Detect phases of the day
Joffrey JOUMAA
August 22, 2023
Source:vignettes/phase_of_the_day.Rmd
phase_of_the_day.Rmd
We’ll like to find something similar to what was done for the
individual 2004023
, that is to say find the different phase
of the day: day and night, by identifying the sunrise and the sunset.
For that we’ll try the function previously used in 2004023
and apply it to 2018 individuals. Then we’ll try other methods and
decide which method fit the most our needs.
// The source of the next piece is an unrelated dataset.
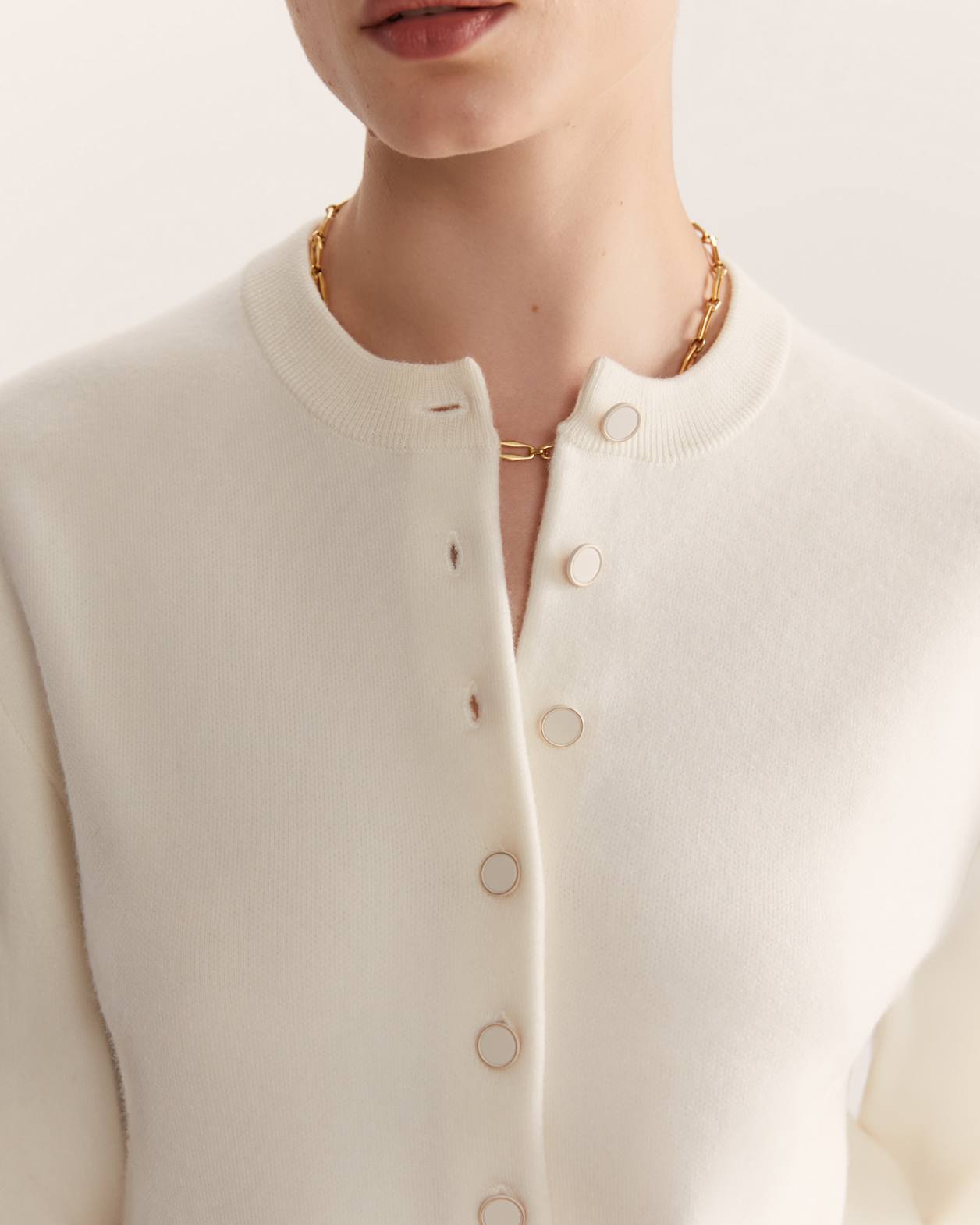 Boiled Wool Cardigan in CREAM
Our ultimate goal is to be
able to plot this kind of figure:
Display the data of 2018-individuals
Let’s first load our package and our data.
# load library
library(ontodive)
# load data
data_nes <- get_data("nes")
# combine all individuals
data_2018 <- rbindlist(data_nes$year_2018, use.name = TRUE, idcol = TRUE)
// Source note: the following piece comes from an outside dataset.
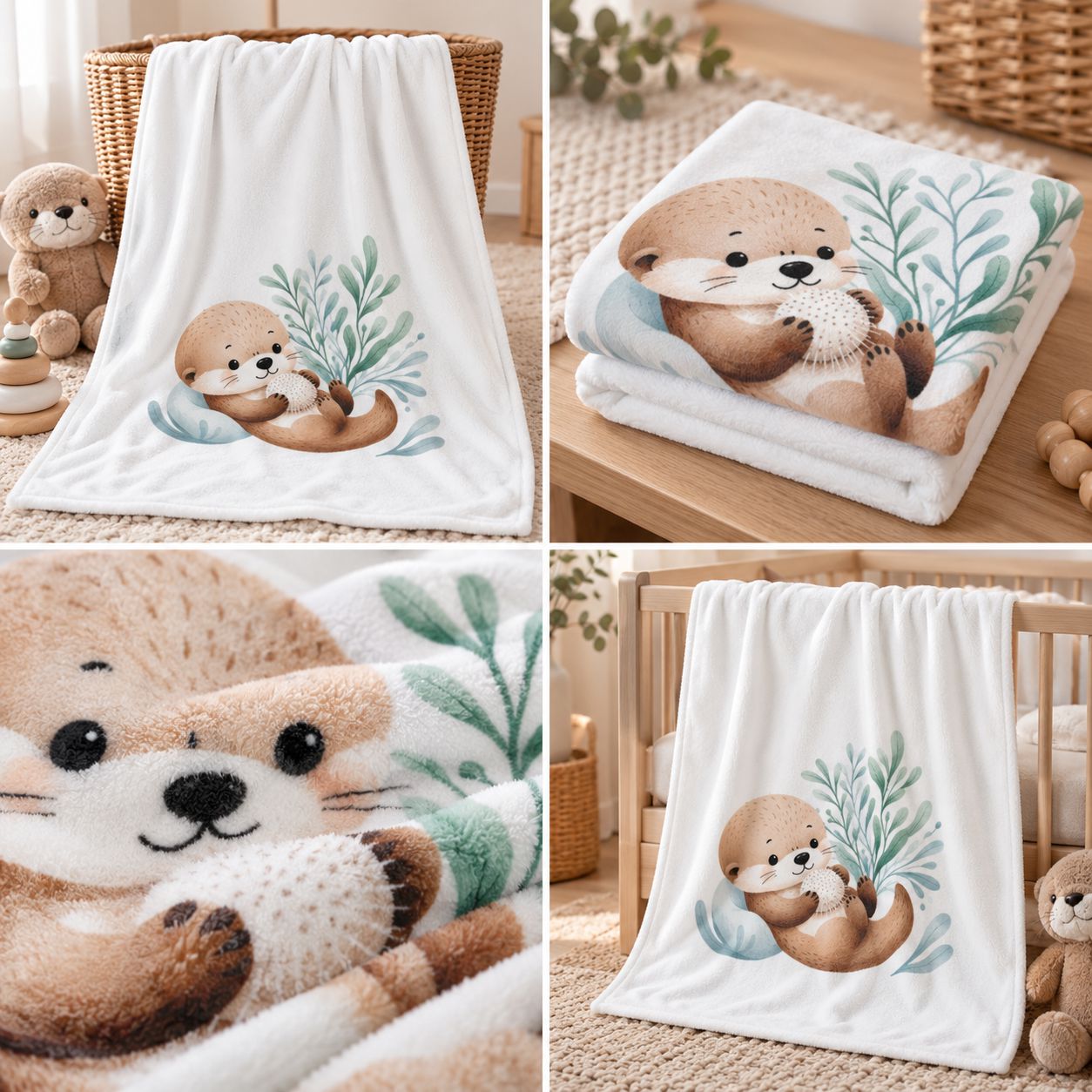 Babydecke mit Schnuffel-Otter-Motiv in mehreren Detailansichten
# remove phase column for the purpose of this document
data_2018[, phase := NULL]
To visualize the data, we summarize each point on the plot as the median of the light level during one hour of one day.
# let's first average `lightatsurf` by individuals, day since departure and hour
dataPlot <- data_2018[, .(lightatsurf = median(lightatsurf, na.rm = T)),
by = .(.id, day_departure, date = as.Date(date), hour = hour(date))
]
# display the result
ggplot(dataPlot, aes(x = day_departure, y = hour, fill = lightatsurf)) +
geom_tile() +
facet_grid(.id ~ .) +
theme_jjo() +
labs(x = "# of days since departure", y = "Hour", fill = "Light level at the surface") +
theme(legend.position = c("bottom"))
Why is there so much data with missing value during day time?
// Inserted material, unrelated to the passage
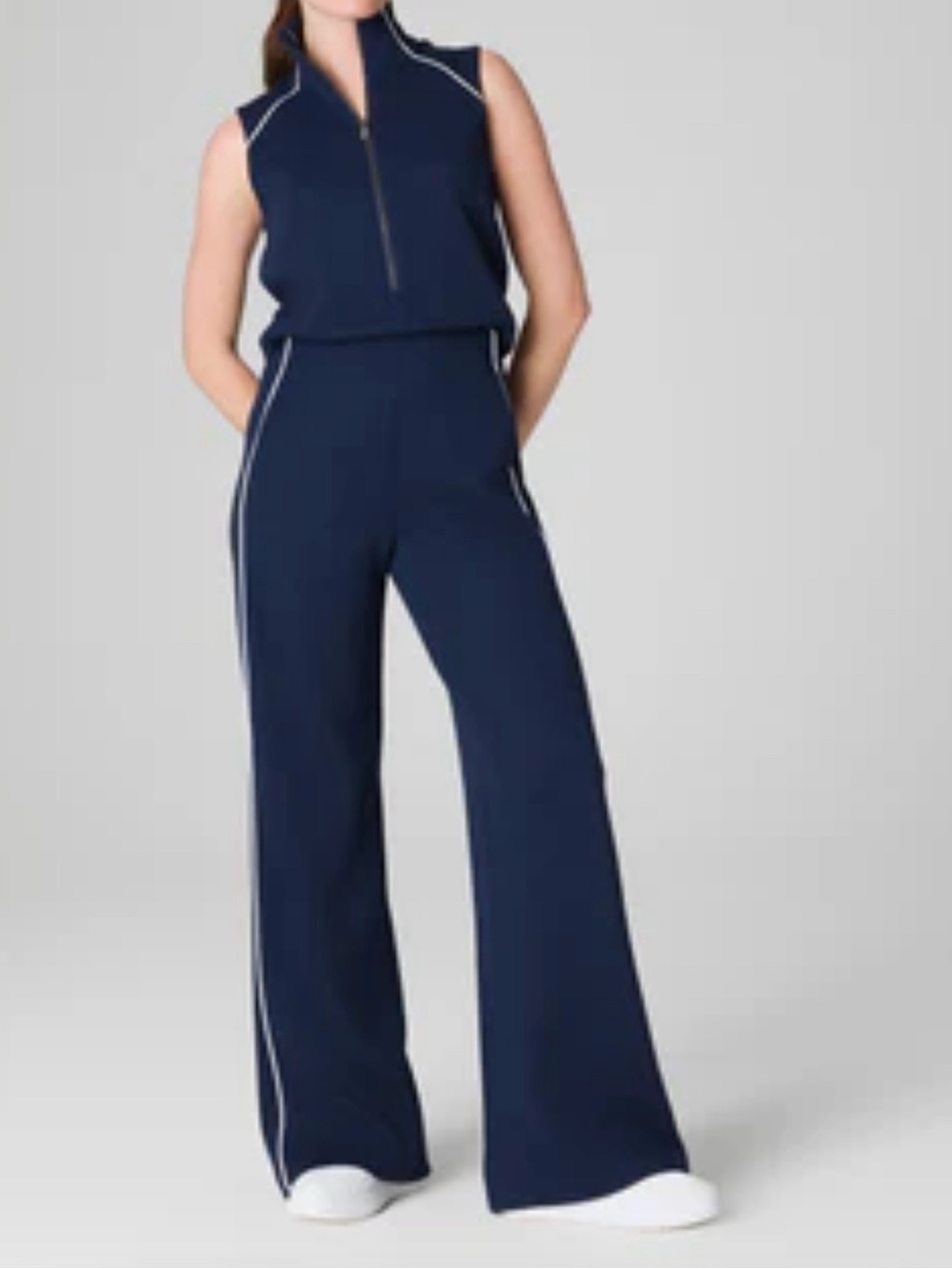 SPANX Navy Zip-Front Sleeveless Jumpsuit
Well, the good news is that we can clearly see the same pattern we
saw in 2004023
. Let’s look at the distribution
# display the result
ggplot(dataPlot, aes(x = lightatsurf, fill = .id)) +
geom_histogram(show.legend = FALSE) +
geom_vline(xintercept = 110, linetype = "longdash") +
facet_wrap(.id ~ .) +
theme_jjo()
There is a bimodal distribution for each individual that seems to be
quite well separated by a threshold at 110
, which
correspond to the threshold that has been used for the individual
2004023
. In 2018 individuals, 110 seems also to be an
appropriate value.
Let’s give a try to the findTwilights
function
Let’s first reshape our data to complied with the
findTwilights
function.
# identification of sunset, sunrise pairs
res_twi <- data_2018[!is.na(lightatsurf),
findTwilights(.(Date = date, Light = lightatsurf),
threshold = 110, include = date
),
by = .id
]
# add `day_departure` to res_twi using a rolling join
# https://www.r-bloggers.com/2016/06/understanding-data-table-rolling-joins/
res_twi <- data_2018[, .(.id, Twilight = date, day_departure)] %>%
.[res_twi, roll = T, on = c(".id", "Twilight")] %>%
# hour column
.[, hour := hour(Twilight)]
# display the result
ggplot() +
geom_tile(data = dataPlot, aes(x = day_departure, y = hour, fill = lightatsurf)) +
geom_point(data = res_twi, aes(x = day_departure, y = hour, col = Rise)) +
facet_grid(.id ~ .) +
theme_jjo() +
labs(
x = "# of days since departure",
y = "Hour",
fill = "Light level at the surface",
col = "Sunrise"
) +
theme(legend.position = c("bottom"))
Not bad actually! But there are many outliers that need to be
addressed. Let’s try to only keep the pair Rise
(TRUE
, FALSE
) that has the longer period of
time of the day.
# calculate the period of time between a sunrise and a sunset (i.e. two consecutive rows)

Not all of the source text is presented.